E de só adivinhar o mistério, o pouco que foi permitido adivinhar, a protagonista do conto já se sente livre, maliciosamente livre, é verdade. E diante do mistério intuído, o que fazer? Talvez não fazer, apenas se cumprir. E o ovo nessa história toda? O ovo foi esquecido, falar do ovo é uma maneira de esquecê-lo. “Este é um subterfúgio deles: enquanto eu falava sobre o ovo, eu tinha esquecido o ovo”. O ovo: o alfa e o ômega, o princípio e o fim, o universo ou o que se mantém não sabido do universo que, segundo a ciência, é 95% dele.

Enigmático, intrigante, sobretudo quando se associa esse conto de Clarice ao filme Matrix e ao documentário “What the bleep do we now?”. Parecem pecinhas que se encaixam num panorama ou numa possibilidade.
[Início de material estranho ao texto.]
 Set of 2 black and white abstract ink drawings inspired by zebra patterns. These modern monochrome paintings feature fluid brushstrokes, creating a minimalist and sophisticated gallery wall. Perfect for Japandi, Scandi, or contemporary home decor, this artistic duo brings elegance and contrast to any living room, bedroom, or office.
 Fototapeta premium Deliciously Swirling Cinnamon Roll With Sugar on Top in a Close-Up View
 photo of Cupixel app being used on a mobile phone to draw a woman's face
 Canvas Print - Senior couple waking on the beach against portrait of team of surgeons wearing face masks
Quem pode saber?

4 comentários:

Marcelino disse...

"Entender seria limitar", é disso que nos fala Fernado Pessoa com seu Alberto Caeiro:
"Nunca ouviste passar o vento.
O vento só fala do vento.
O que lhe ouviste foi mentira,
E a mentira está em ti."
Pois é, a obra de Lispector expande-se para além das páginas de seus livros, ela dialoga muito, ela nos diz muito, e destacar essa característica -como você o faz- é extremamente salutar.

Ana Lucia Franco disse...

Oi, Marcelino, Fernando Pessoa e Clarice parece que beberam na mesma fonte, vide o Guardador de Rebanhos, do Alberto Caeiro. Maravilha de lembrança.

bjs, obrigada pela visita.

Ana Tapadas disse...

Entender, Aninha, seria esmagar a maravilha!
Beijinho

Ana Lucia Franco disse...

Como se esmagam florzinhas num canteiro, Ana.

Sempre bom te ver por aqui querida, bjs.